Et si les Japonais avaient quelque envie de revenir aujourd’hui sur ces mesures, la lecture des journaux américains suffirait pour la leur ôter. Ils y verraient « qu’il faut à tout prix aller demander raison ou vengeance à ces barbares Japonais des outrages faits à nos nationaux. » De quels outrages parle-t-on ? Serait-ce par hasard des prétendues promenades dans des cages, ou bien de la contrainte (à laquelle les étrangers seraient assujettis) de profaner en la foulant aux pieds l’image du Christ ? On a fait justice depuis longtemps, je suppose, de pareilles impostures. Les Japonais peuvent lire dans un écrit de M. Levyssohn, ancien opperhoofd, publié en Hollande en 1852, une lettre de New-York, reproduite par le Times du 8 avril 1852, où il est dit que les vues des Américains « doivent se porter à l’avenir vers les vieux rivages de l’Asie, que leurs idées envahissantes les y poussent, que le tour du Japon est venu, et que le second acte de leur république se jouera dans ces contrées avec de la poudre à canon. « Les Japonais savent peut-être que le commodore Perry avait débarqué du monde pour employer la force au besoin, et que ses navires étaient prêts à foudroyer le rivage, si on eût repoussé ses propositions.

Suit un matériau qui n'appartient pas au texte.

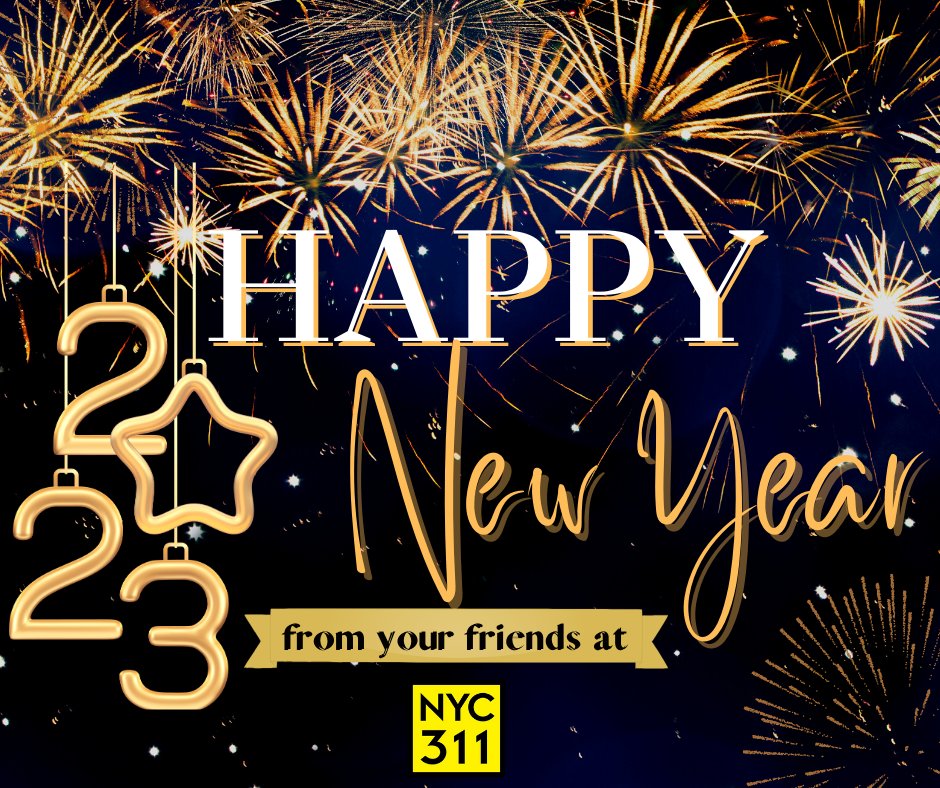 🥳 Happy #NewYear, NYC! 🥳

-Your friends at #NYC311.

Get holiday info at on.nyc.gov/NewYears.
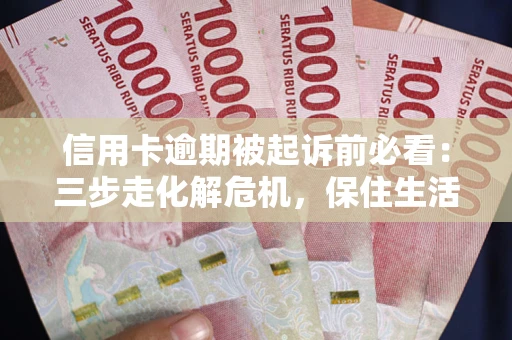 武汉信用卡逾期被起诉前必看：三步走化解危机，保住生活尊严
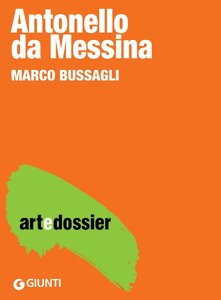 Marco Bussagli - Antonello da Messina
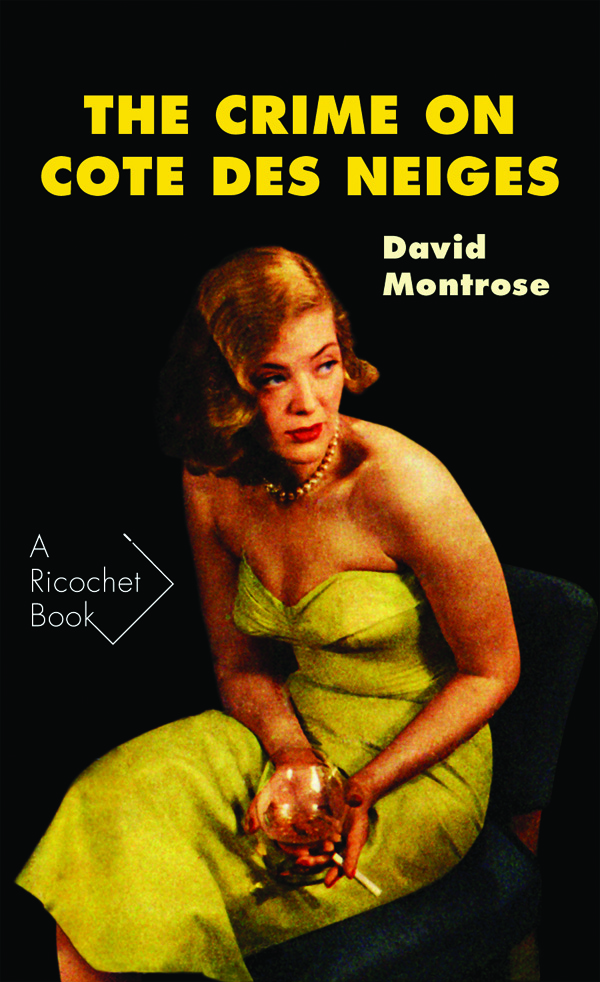 Crime on Cote des Neiges, The | Montrose, David (Auteur)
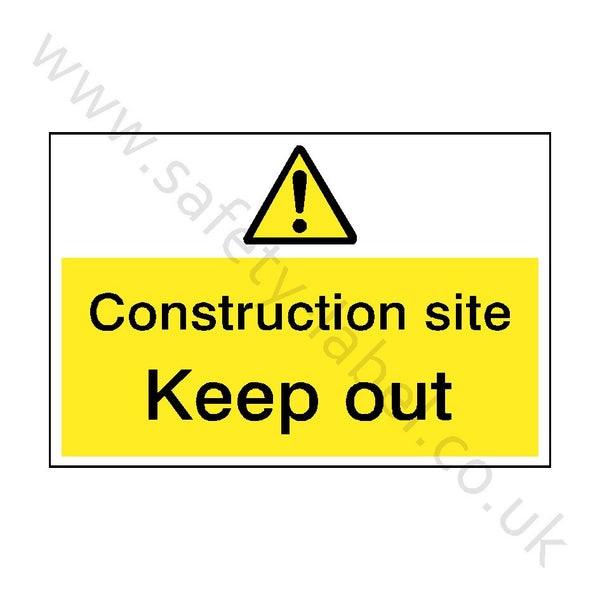 Construction Site Keep Out Sign | Safety-Label.co.uk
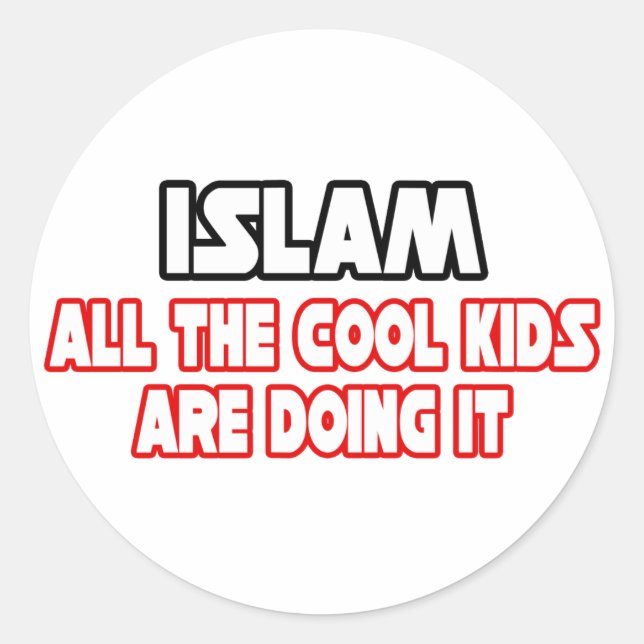 Islam...Cool Kids Classic Round Sticker (Front)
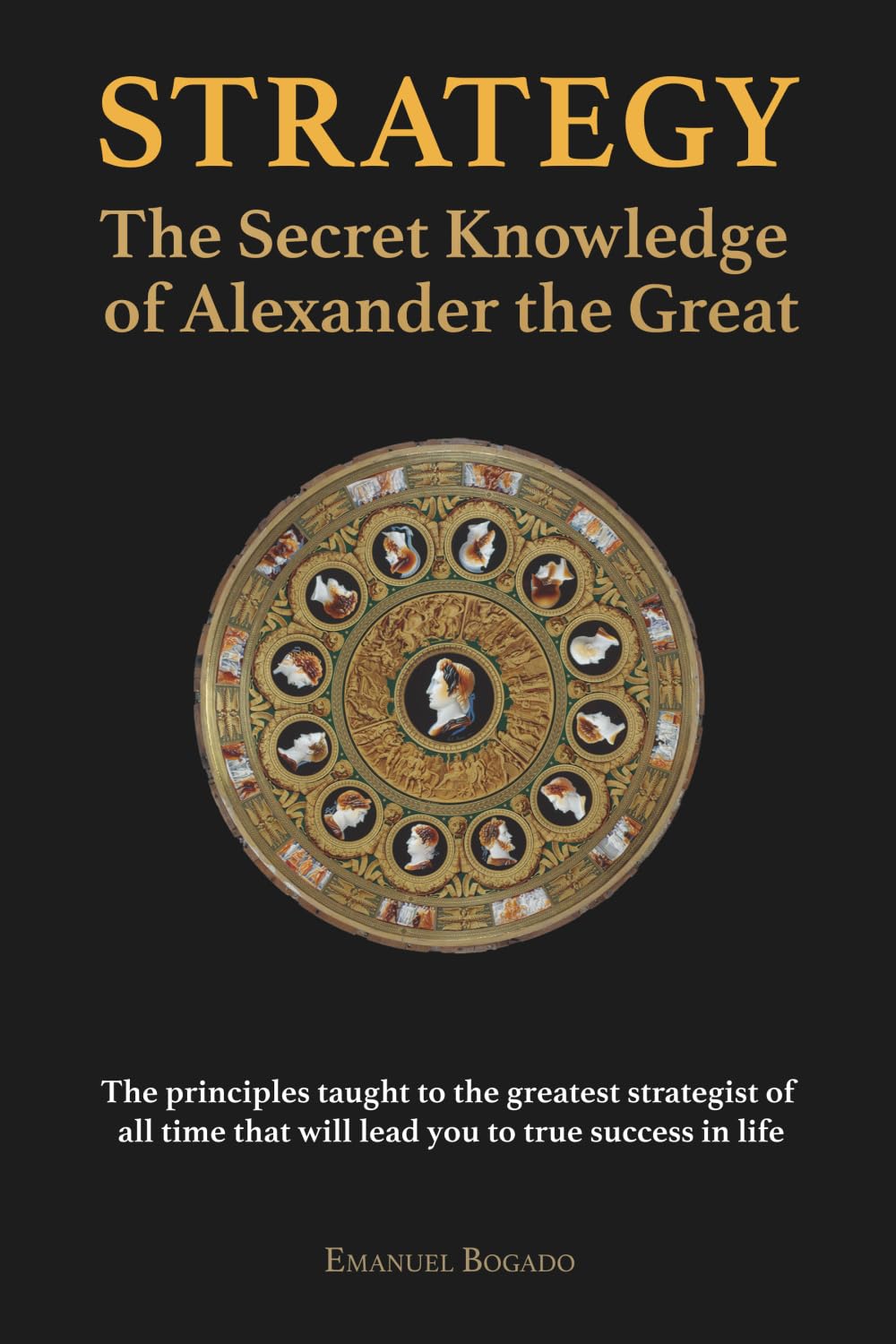 Strategy: The Secret Knowledge of Alexander the Great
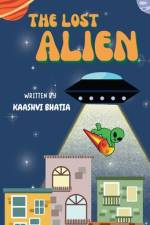 The Lost Alien af Kaashvi Bhatia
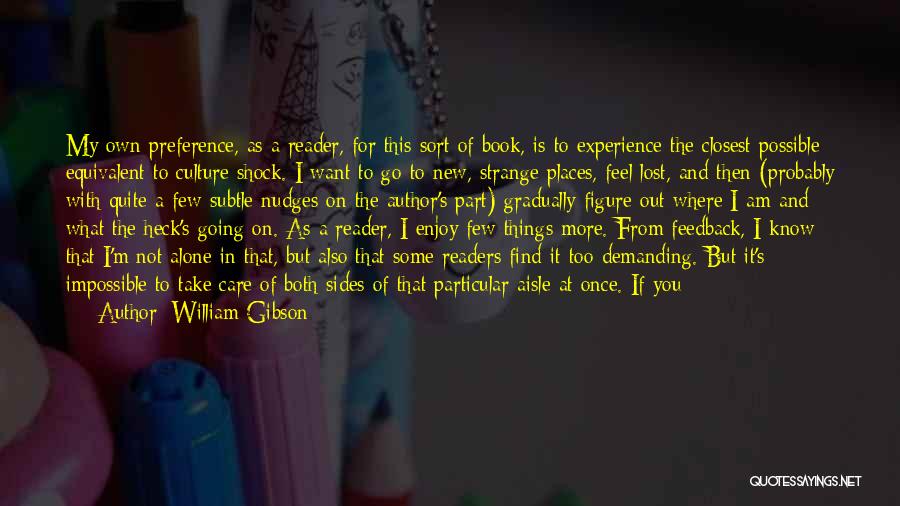 William Gibson Quotes: My Own Preference, As A Reader, For This Sort Of Book, Is To Experience The Closest Possible Equivalent To Culture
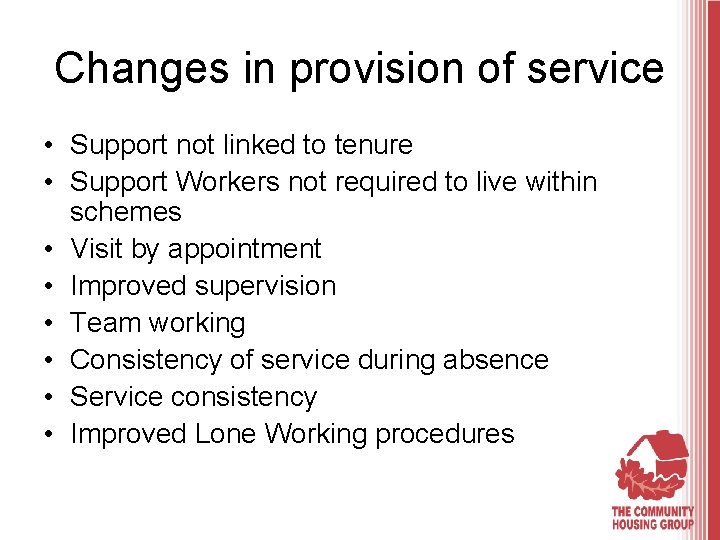 Changes in provision of service • Support not linked to tenure • Support Workers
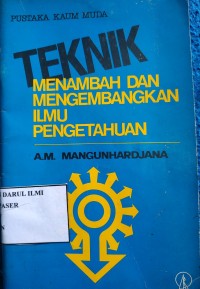 Image of Teknik menambah dan mengembangkan ilmu pengetahuan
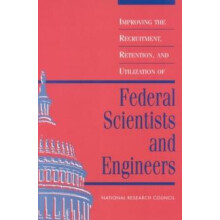 Improving the Recruitment Retention and Utilization of Federal Scienti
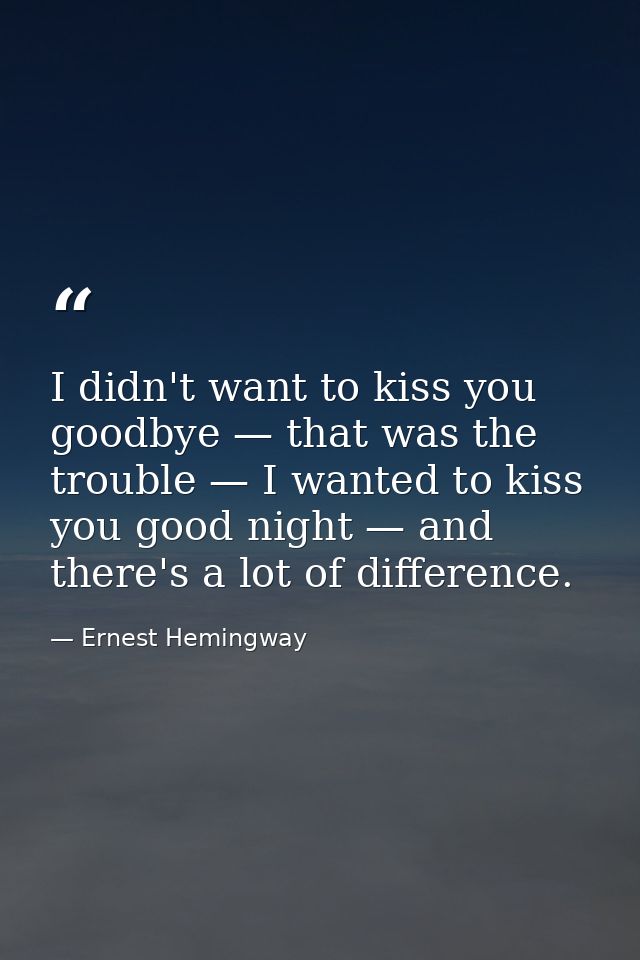 I didn't want to kiss you goodbye — that was the trouble — I wanted to kiss you good night — and there's a lot of differ — Ernest Hemingway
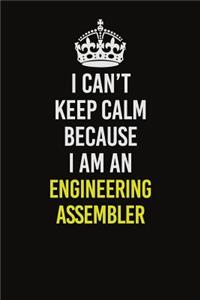 I Can�t Keep Calm Because I Am An Engineering assembler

La dernière tentative faite par la Russie, en 1853, simultanément avec l’expédition des États-Unis, paraît avoir réussi, et l’empereur du Japon aurait fait, dit-on, une réponse très favorable. M. Siebold l’assure[1], et M. Siebold, en ces matières, a une grande autorité.

  1. Voyez un écrit de M. Siebold publié à Bonn en 1854.